Hi
I was able to generate an alexnet.onnx graph from Pytorch using this tutorial
https://pytorch.org/docs/stable/onnx.html
I then tried to run this graph with GLOW. I see that in the generated ONNX graph for the Reshape operator, the tensor names are id: 29 for data and id: 36 for shape input. I get this assertion error -
(gdb) bt
assertion=assertion@entry=0x643460 "tensors_.count(name) && \"There is no tensor registered with this name.\"",
file=file@entry=0x643420 "/ml/arch/dmohan/projects/glow/lib/Importer/ProtobufLoader.cpp", line=line@entry=33,
function=function@entry=0x643940 <glow::ProtobufLoader::getTensorByName(llvm::StringRef)::__PRETTY_FUNCTION__> "glow::Tensor* glow::ProtobufLoader::getTensorByName(llvm::StringRef)") at assert.c:92
file=0x643420 "/ml/arch/dmohan/projects/glow/lib/Importer/ProtobufLoader.cpp", line=33,
function=0x643940 <glow::ProtobufLoader::getTensorByName(llvm::StringRef)::__PRETTY_FUNCTION__> "glow::Tensor* glow::ProtobufLoader::getTensorByName(llvm::StringRef)") at assert.c:101
at /ml/arch/dmohan/projects/glow/lib/Importer/ProtobufLoader.cpp:32
dict=std::unordered_map with 0 elements) at /ml/arch/dmohan/projects/glow/include/glow/Importer/CommonOperatorLoader.h:240
typeName=..., op=..., dict=std::unordered_map with 0 elements)
at /ml/arch/dmohan/projects/glow/include/glow/Importer/CommonOperatorLoader.h:429
modelDescFilename="/ml/arch/dmohan/projects/vision/alexnet.onnx", tensorNames=..., tensors=..., F=...)
at /ml/arch/dmohan/projects/glow/lib/Importer/ONNX.cpp:571
(gdb) f 5
dict=std::unordered_map with 0 elements) at /ml/arch/dmohan/projects/glow/include/glow/Importer/CommonOperatorLoader.h:240
240 Tensor *constShapeTensor = getTensorByName(op.input(1));
(gdb) p op.input(1)
$1 = "36"
If you look at the ONNX loader, "shape" comes either from the "shape" attribute or from the input.
It seems like Glow expects input(1) to be statically defined in the net.initializers().
Does that "shape" come from an activation?

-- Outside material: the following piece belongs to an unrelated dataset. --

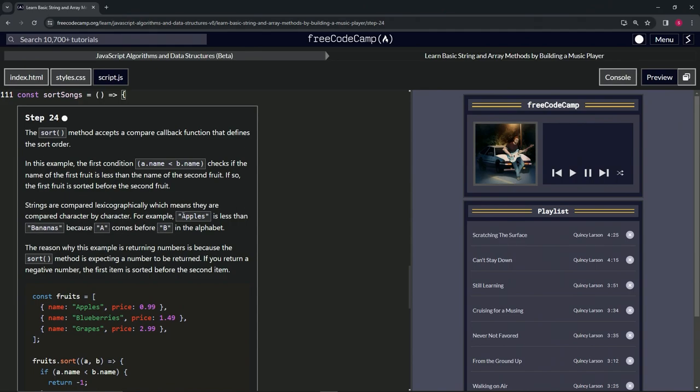If we were comparing apples to the word Aaron (A-R-O-N), Aaron would come in front because 'p' is after 'a'. So it's just like regular alphabetical order.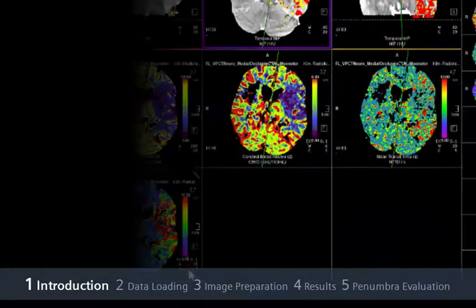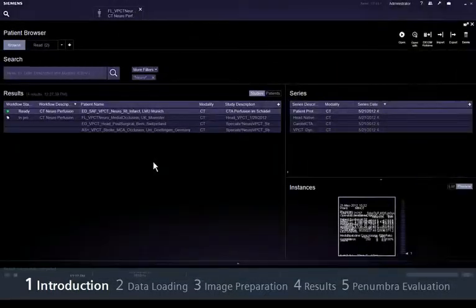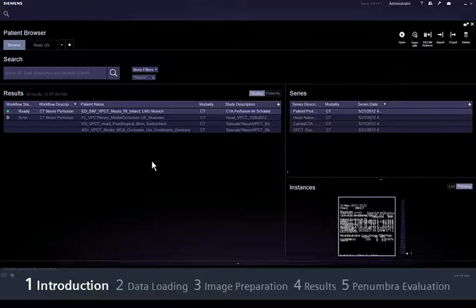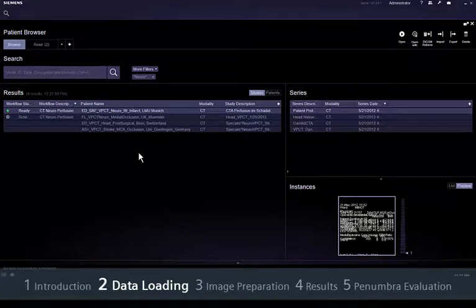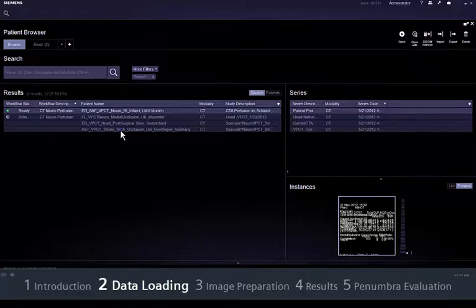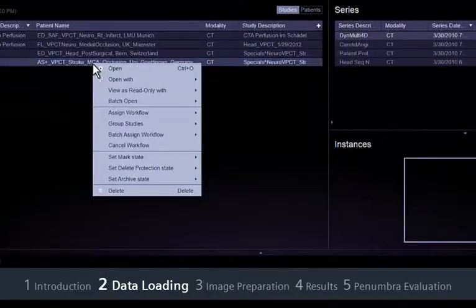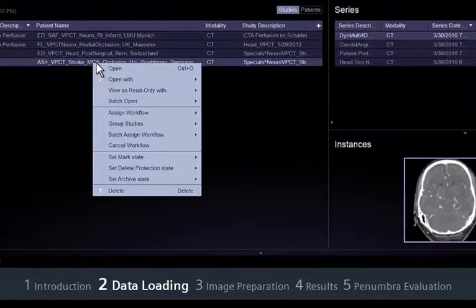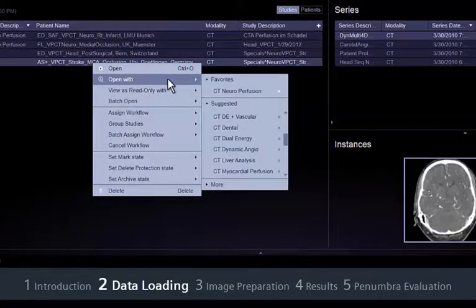This movie will show you how to evaluate neuroperfusion datasets using Syngovia. First, make sure that the study is correctly assigned to the CT neuroperfusion workflow. Otherwise, click with the right mouse button and select Open with CT neuroperfusion.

It seems the shape parameter in the graph doesn't have a kind:initializer that I see for Reshape nodes in other graphs. I also see the data input to the Reshape node comes from a previous MaxPool node and the shape input comes from a previous Concat layer and hence the concat=>result is becoming the Shape
I've had issues like this and at least in my case the shape info is statically known, but the ONNX exporter decided to export multiple nodes to create the shape vector instead of statically passing it in as member inputs. We would need to do some sort of constant propagation to get the shape, but we don't currently support this. Your options are to implement this constant propagation in Glow, modify the proto manually with the shape info yourself, or ONNX needs to be taught to not do it like this.
"modify the proto manually with the shape info yourself"
Seems a good short-term solution for one off problem.
@dmoham1476 does that work for you? If it does feel free to close the issue.
Ok, I see a similar behavior with the Shape when I converted pytorch sqeezenet to onnx using torch.onnx
Most helpful comment
I've had issues like this and at least in my case the shape info is statically known, but the ONNX exporter decided to export multiple nodes to create the shape vector instead of statically passing it in as member inputs. We would need to do some sort of constant propagation to get the shape, but we don't currently support this. Your options are to implement this constant propagation in Glow, modify the proto manually with the shape info yourself, or ONNX needs to be taught to not do it like this.